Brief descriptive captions
- - - - -
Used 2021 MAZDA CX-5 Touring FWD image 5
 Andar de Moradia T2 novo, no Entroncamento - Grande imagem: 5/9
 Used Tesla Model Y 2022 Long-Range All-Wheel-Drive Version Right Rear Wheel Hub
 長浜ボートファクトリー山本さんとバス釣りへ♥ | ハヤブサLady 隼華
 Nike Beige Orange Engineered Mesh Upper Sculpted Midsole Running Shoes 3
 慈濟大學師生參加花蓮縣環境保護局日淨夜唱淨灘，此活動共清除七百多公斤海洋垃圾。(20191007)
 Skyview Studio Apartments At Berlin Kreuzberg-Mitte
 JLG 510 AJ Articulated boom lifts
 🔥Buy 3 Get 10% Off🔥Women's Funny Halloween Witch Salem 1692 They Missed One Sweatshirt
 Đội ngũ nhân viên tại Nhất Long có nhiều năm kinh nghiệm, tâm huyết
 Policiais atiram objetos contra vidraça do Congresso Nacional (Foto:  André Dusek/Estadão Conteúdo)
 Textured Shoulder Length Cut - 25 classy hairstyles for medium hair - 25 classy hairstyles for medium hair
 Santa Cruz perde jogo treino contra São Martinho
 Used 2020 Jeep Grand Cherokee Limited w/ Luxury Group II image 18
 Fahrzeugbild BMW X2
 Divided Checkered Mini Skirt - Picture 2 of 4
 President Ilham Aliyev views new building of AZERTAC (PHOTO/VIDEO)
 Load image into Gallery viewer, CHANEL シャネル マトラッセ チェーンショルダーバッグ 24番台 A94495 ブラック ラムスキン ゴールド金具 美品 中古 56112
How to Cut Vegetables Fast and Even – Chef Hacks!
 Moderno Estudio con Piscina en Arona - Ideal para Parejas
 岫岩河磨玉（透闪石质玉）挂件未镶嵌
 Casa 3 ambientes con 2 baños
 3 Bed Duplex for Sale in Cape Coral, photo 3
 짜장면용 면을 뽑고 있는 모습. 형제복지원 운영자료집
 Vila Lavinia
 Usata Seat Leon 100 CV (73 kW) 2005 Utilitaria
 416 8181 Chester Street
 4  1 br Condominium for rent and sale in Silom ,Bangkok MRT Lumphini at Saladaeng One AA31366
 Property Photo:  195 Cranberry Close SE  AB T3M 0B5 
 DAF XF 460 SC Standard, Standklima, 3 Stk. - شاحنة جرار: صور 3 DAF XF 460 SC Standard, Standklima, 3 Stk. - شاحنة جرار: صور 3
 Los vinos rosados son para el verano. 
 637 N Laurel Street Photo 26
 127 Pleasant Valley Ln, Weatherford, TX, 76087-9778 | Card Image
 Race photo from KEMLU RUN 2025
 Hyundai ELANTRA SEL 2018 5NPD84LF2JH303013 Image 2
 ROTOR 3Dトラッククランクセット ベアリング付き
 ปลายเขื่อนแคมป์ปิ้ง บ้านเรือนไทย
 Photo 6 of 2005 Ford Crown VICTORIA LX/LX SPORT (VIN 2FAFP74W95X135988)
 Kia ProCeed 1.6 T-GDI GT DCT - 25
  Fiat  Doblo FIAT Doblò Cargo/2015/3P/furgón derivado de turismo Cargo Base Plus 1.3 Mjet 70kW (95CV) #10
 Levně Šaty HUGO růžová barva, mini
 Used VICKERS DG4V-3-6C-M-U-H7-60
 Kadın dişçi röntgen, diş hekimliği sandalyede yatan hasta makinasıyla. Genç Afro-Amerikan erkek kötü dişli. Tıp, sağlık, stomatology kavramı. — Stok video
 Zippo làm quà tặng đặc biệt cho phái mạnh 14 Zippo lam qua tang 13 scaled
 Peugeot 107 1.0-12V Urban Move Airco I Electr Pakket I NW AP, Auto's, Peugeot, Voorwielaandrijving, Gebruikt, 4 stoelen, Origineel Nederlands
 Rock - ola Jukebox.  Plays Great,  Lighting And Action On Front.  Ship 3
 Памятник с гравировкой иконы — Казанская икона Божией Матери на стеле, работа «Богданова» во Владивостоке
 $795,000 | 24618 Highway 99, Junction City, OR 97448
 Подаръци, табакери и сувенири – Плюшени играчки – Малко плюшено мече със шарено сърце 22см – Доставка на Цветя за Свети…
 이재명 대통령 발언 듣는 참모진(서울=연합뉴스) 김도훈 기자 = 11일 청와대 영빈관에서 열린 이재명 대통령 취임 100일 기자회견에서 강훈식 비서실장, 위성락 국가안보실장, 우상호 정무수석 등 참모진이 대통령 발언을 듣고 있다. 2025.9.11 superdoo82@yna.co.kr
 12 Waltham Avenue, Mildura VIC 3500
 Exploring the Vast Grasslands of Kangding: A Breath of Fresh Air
- - - - -
In the entries above, the lines between the one holding "岫岩河磨玉（透闪石质玉）挂件未镶嵌" and the one holding "جرار: صور 3 DAF", inclusive, are to be printed exactly as written, and those alone.

Exercise output:
 岫岩河磨玉（透闪石质玉）挂件未镶嵌
 Casa 3 ambientes con 2 baños
 3 Bed Duplex for Sale in Cape Coral, photo 3
 짜장면용 면을 뽑고 있는 모습. 형제복지원 운영자료집
 Vila Lavinia
 Usata Seat Leon 100 CV (73 kW) 2005 Utilitaria
 416 8181 Chester Street
 4  1 br Condominium for rent and sale in Silom ,Bangkok MRT Lumphini at Saladaeng One AA31366
 Property Photo:  195 Cranberry Close SE  AB T3M 0B5 
 DAF XF 460 SC Standard, Standklima, 3 Stk. - شاحنة جرار: صور 3 DAF XF 460 SC Standard, Standklima, 3 Stk. - شاحنة جرار: صور 3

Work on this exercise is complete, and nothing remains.